=== Begin Enclosure ===

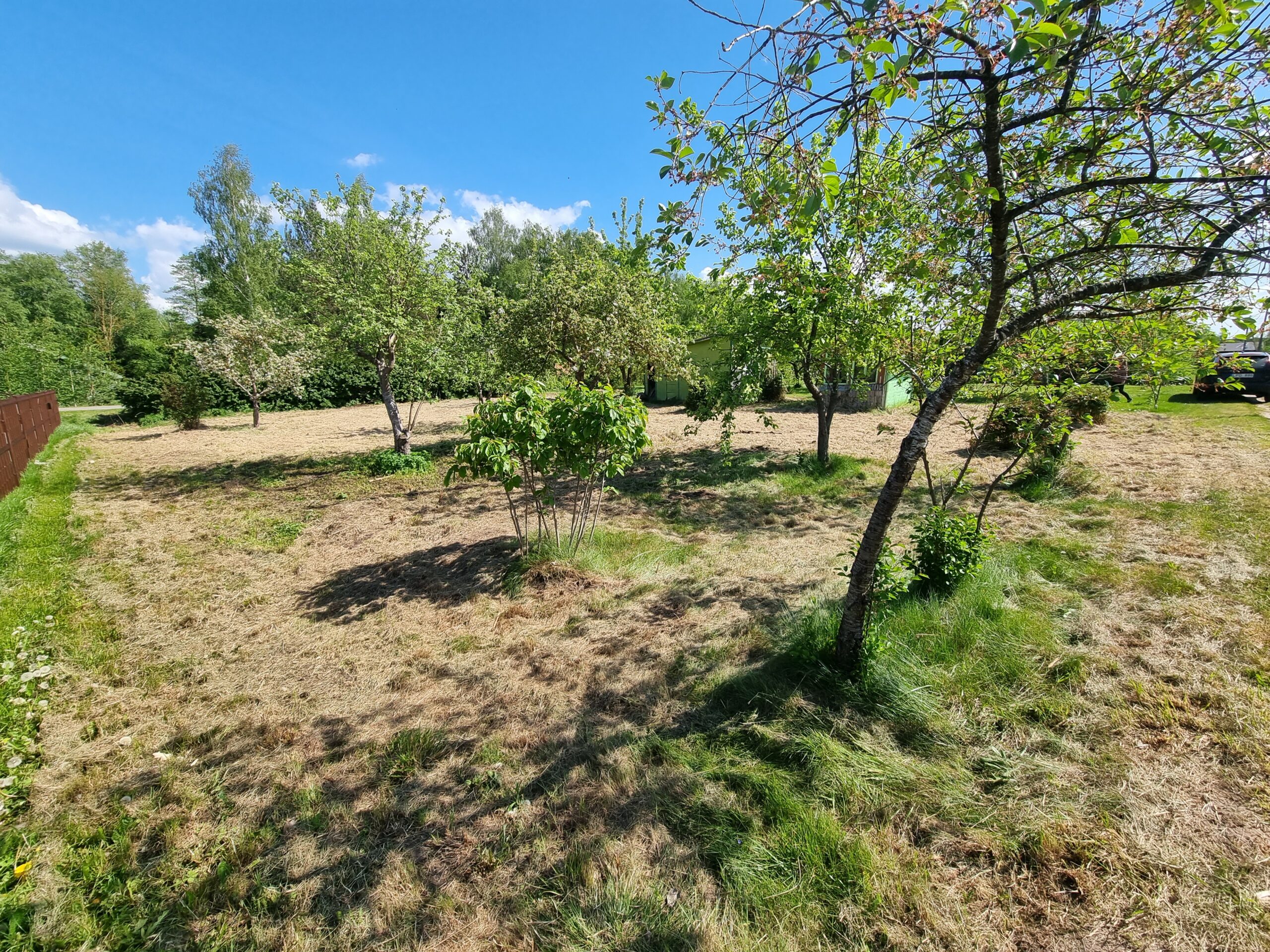 Sodas su nedideliu nameliu Panevėžio r.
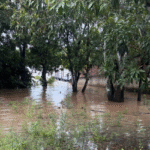 Defesa Civil de Mato Grosso do Sul se mobiliza após municípios serem afetados por chuvas intensas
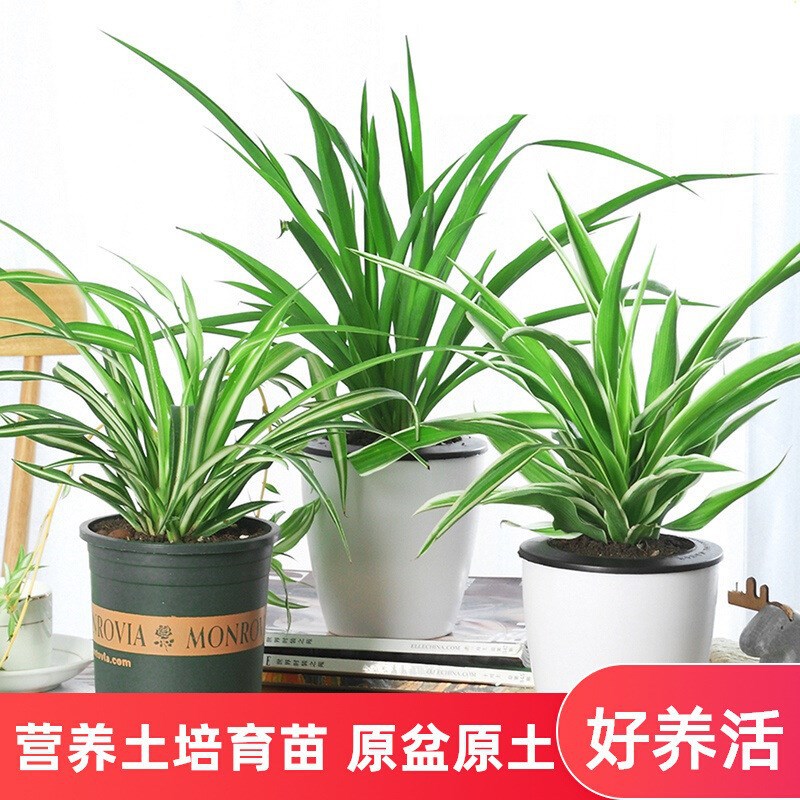 金边金心吊兰植物室内好养盆栽花卉四季常绿可水养水培绿植好养活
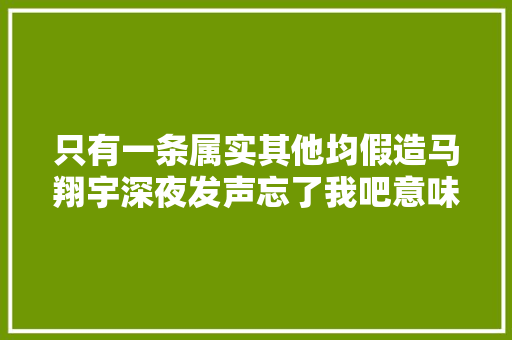 只有一条属实其他均假造马翔宇深夜发声忘了我吧意味深长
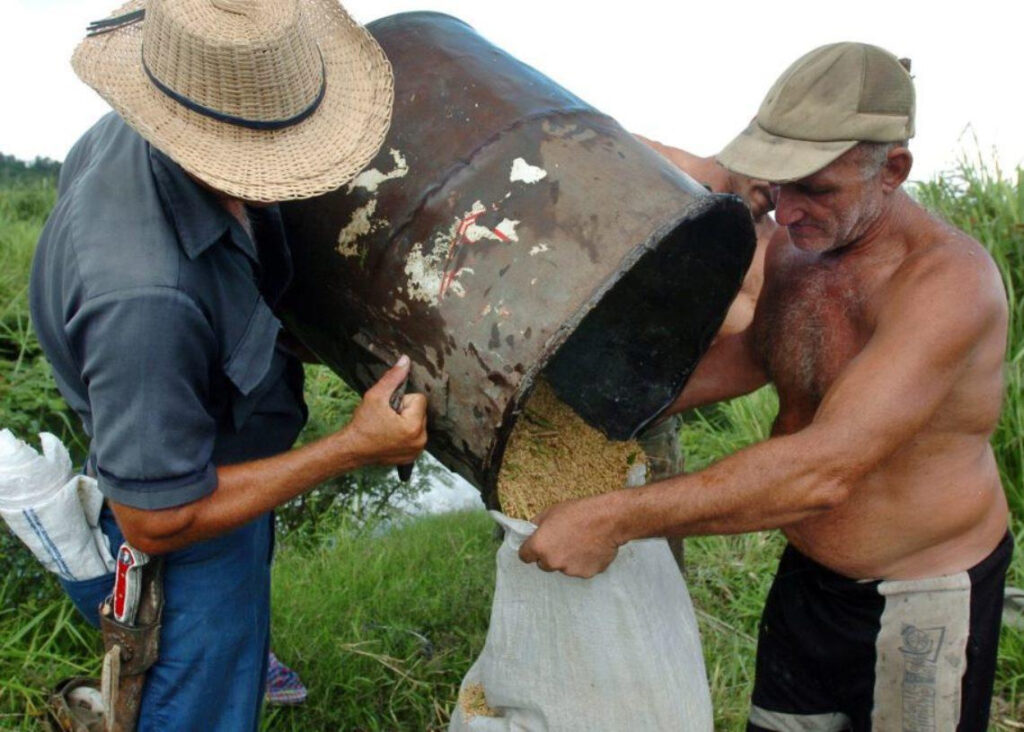 non-payments-lead-to-a-97-percent-decrease-in-rice-production-in-a-cienfuegos-cooperative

=== End Enclosure ===

▶ [Task to carry out] Give back all the records as they stand, but with no pictures in the copy.

▶ [Result for this exercise]
 Sodas su nedideliu nameliu Panevėžio r.
 Defesa Civil de Mato Grosso do Sul se mobiliza após municípios serem afetados por chuvas intensas
 金边金心吊兰植物室内好养盆栽花卉四季常绿可水养水培绿植好养活
 只有一条属实其他均假造马翔宇深夜发声忘了我吧意味深长
 non-payments-lead-to-a-97-percent-decrease-in-rice-production-in-a-cienfuegos-cooperative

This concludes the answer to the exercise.